Task details:
Leaving out all pictures, reproduce the entries below exactly, from the first line through the line that contains "Contractors seed the".

Material provided:
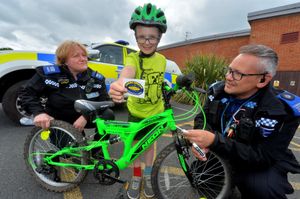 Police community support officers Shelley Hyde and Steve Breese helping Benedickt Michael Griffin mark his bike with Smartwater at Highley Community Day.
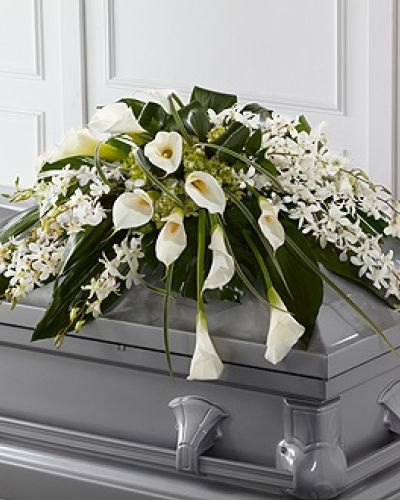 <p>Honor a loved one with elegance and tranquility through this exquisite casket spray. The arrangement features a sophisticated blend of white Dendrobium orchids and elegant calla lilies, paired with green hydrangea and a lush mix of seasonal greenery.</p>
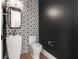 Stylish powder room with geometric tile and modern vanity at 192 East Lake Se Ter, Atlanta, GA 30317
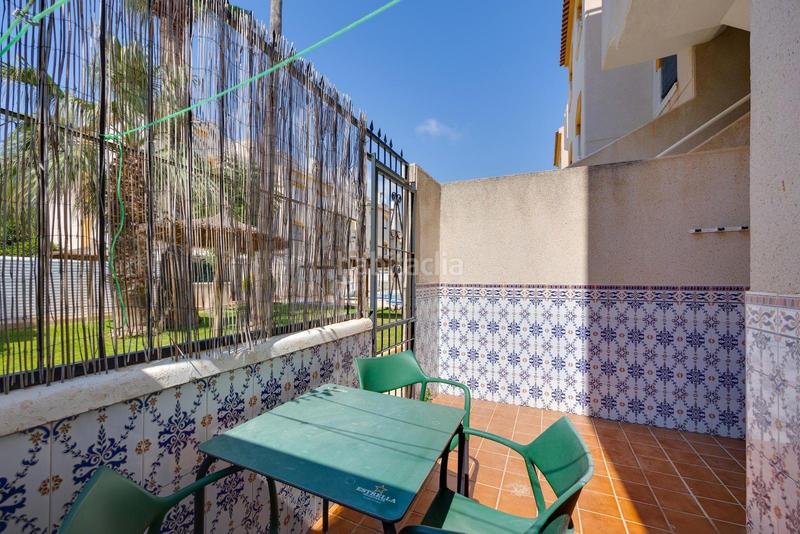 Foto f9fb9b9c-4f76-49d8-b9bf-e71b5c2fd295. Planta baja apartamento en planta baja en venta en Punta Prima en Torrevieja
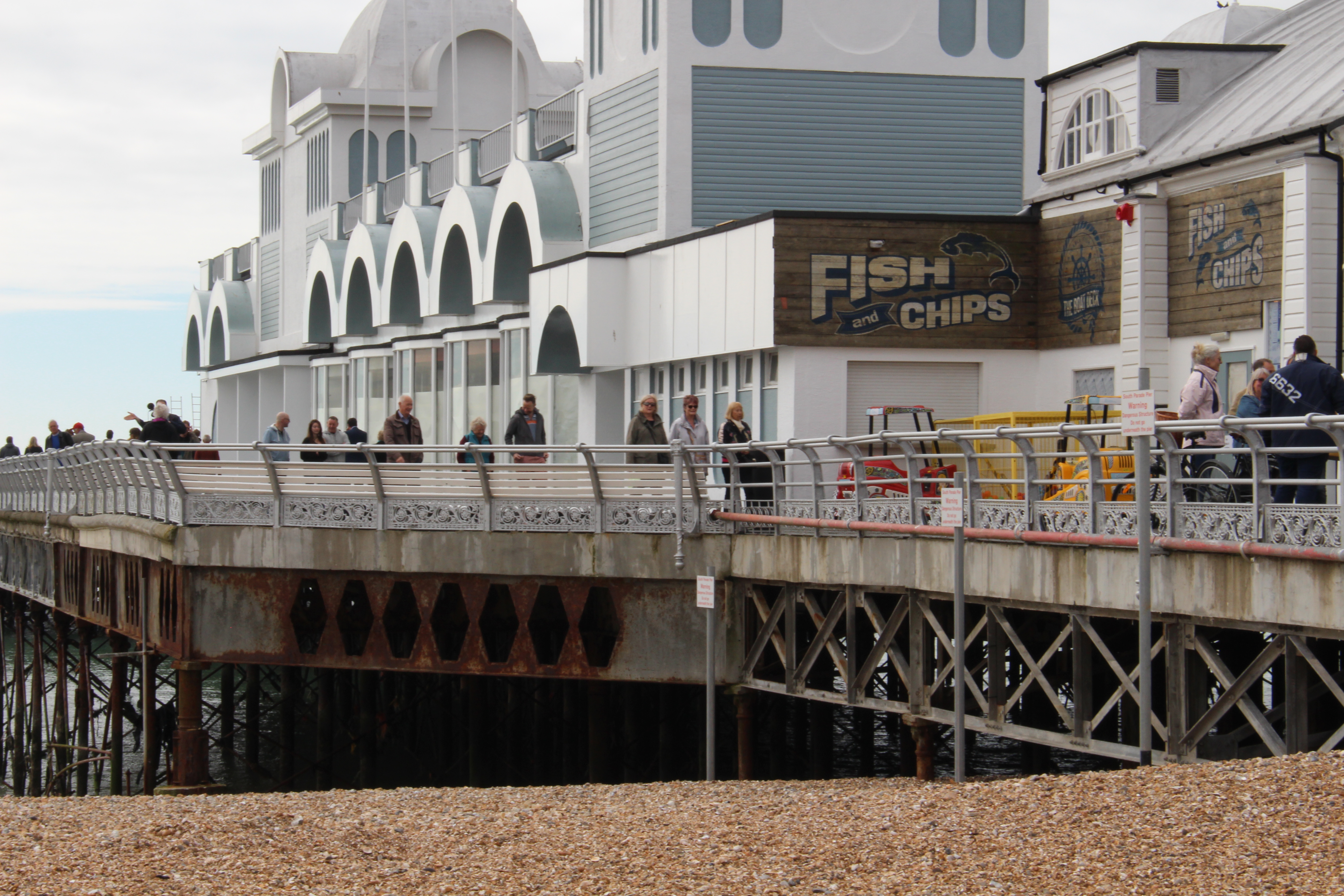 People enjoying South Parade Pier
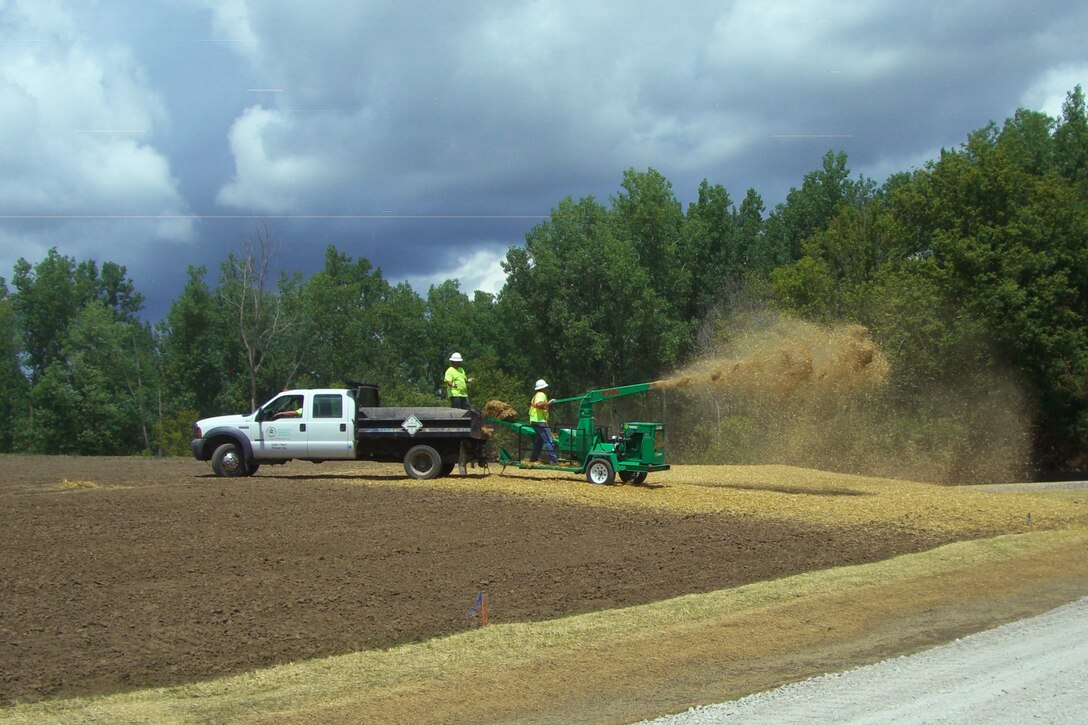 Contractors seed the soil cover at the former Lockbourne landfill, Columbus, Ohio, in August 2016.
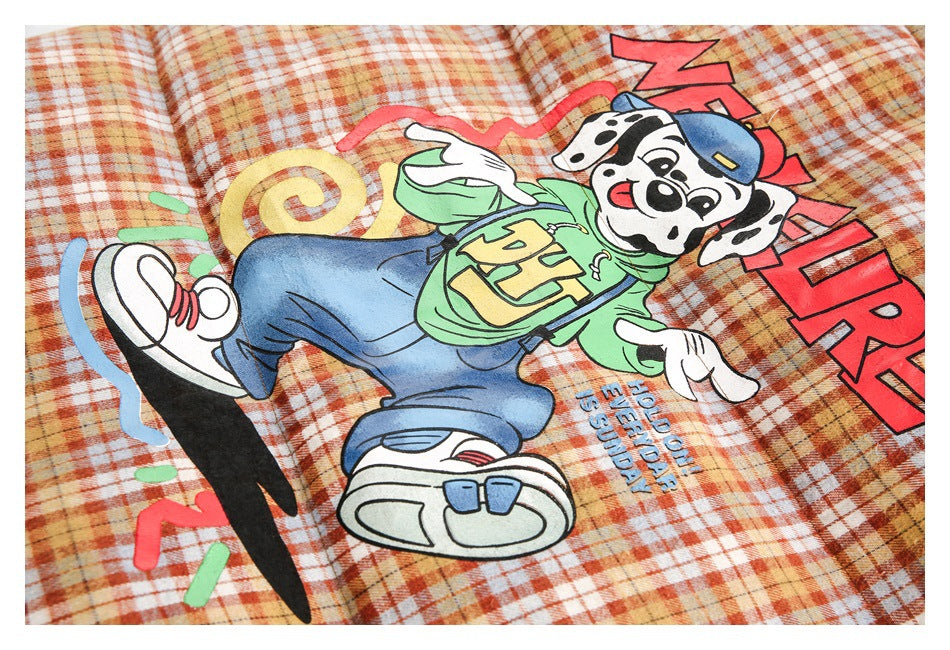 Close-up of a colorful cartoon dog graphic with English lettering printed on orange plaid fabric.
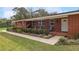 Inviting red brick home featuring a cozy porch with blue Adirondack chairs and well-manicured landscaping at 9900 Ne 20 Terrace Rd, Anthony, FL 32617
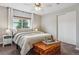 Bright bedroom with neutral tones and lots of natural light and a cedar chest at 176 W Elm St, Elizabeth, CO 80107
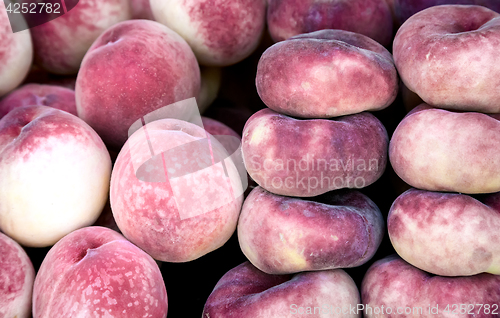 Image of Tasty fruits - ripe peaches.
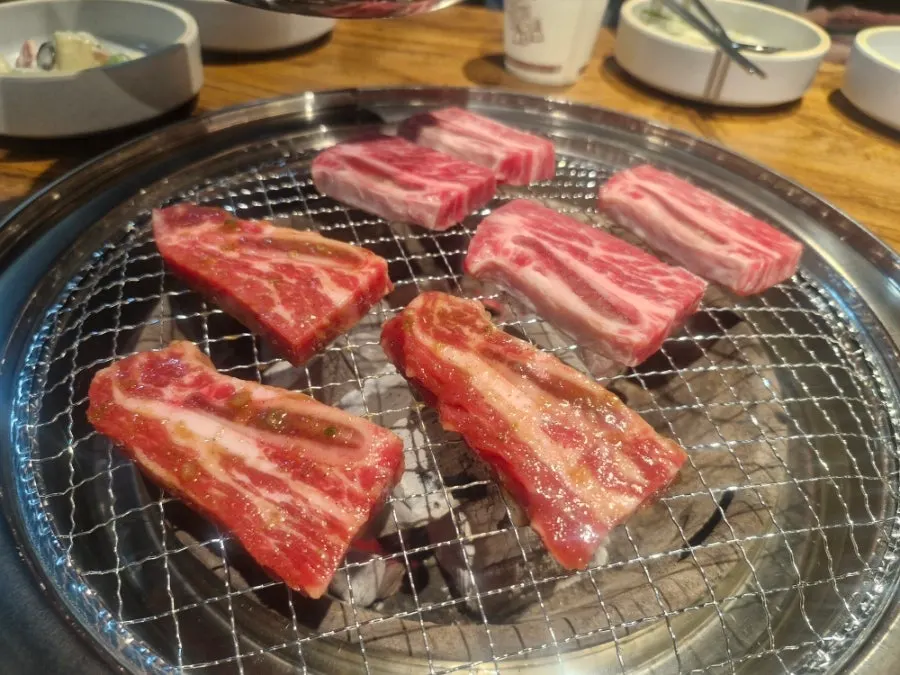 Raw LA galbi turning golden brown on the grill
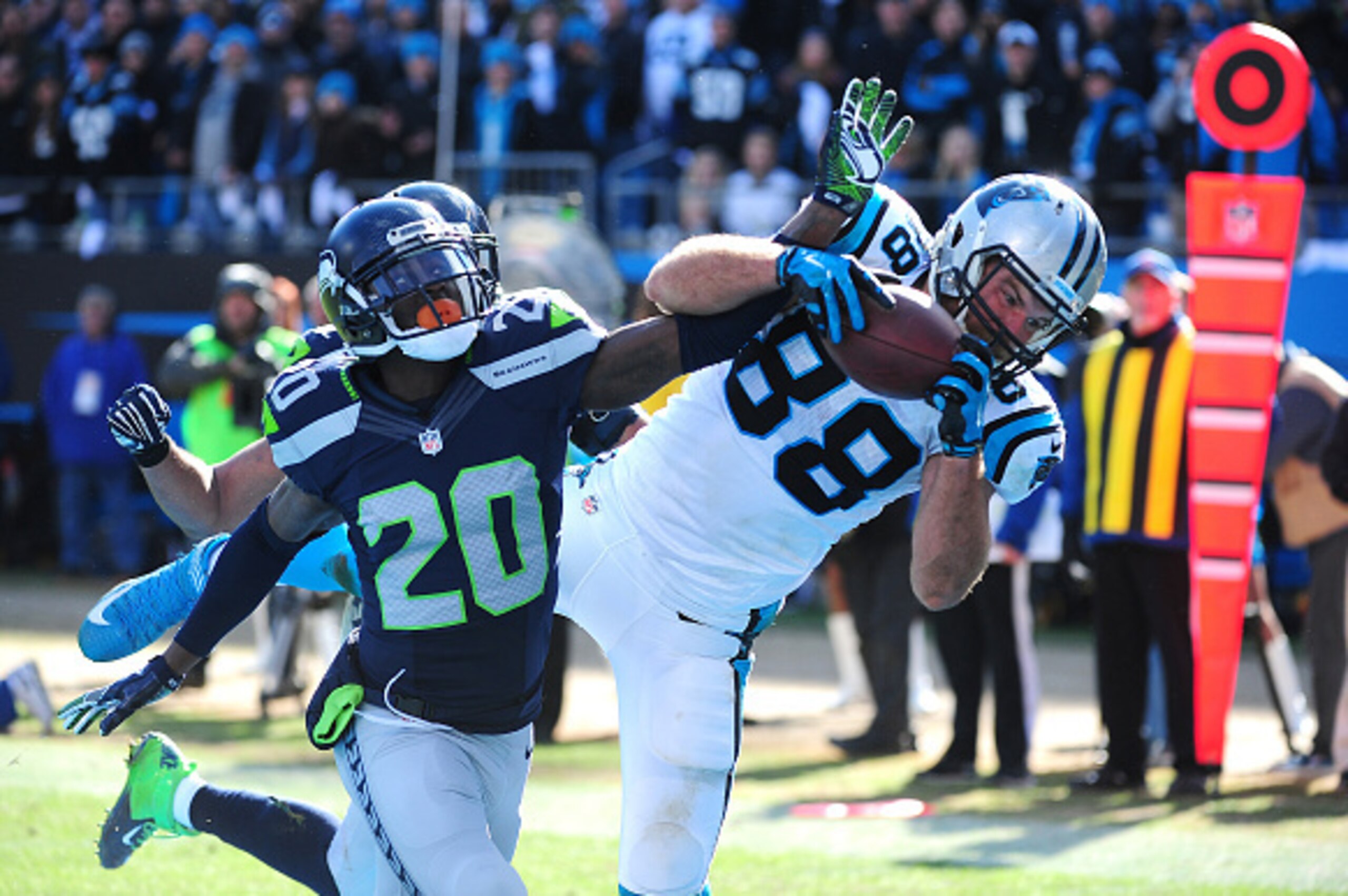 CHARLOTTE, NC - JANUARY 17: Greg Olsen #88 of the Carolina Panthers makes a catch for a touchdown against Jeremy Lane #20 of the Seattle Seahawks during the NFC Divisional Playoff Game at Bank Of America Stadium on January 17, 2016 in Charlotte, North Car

Solution below:
 Police community support officers Shelley Hyde and Steve Breese helping Benedickt Michael Griffin mark his bike with Smartwater at Highley Community Day.
 <p>Honor a loved one with elegance and tranquility through this exquisite casket spray. The arrangement features a sophisticated blend of white Dendrobium orchids and elegant calla lilies, paired with green hydrangea and a lush mix of seasonal greenery.</p>
 Stylish powder room with geometric tile and modern vanity at 192 East Lake Se Ter, Atlanta, GA 30317
 Foto f9fb9b9c-4f76-49d8-b9bf-e71b5c2fd295. Planta baja apartamento en planta baja en venta en Punta Prima en Torrevieja
 People enjoying South Parade Pier
 Contractors seed the soil cover at the former Lockbourne landfill, Columbus, Ohio, in August 2016.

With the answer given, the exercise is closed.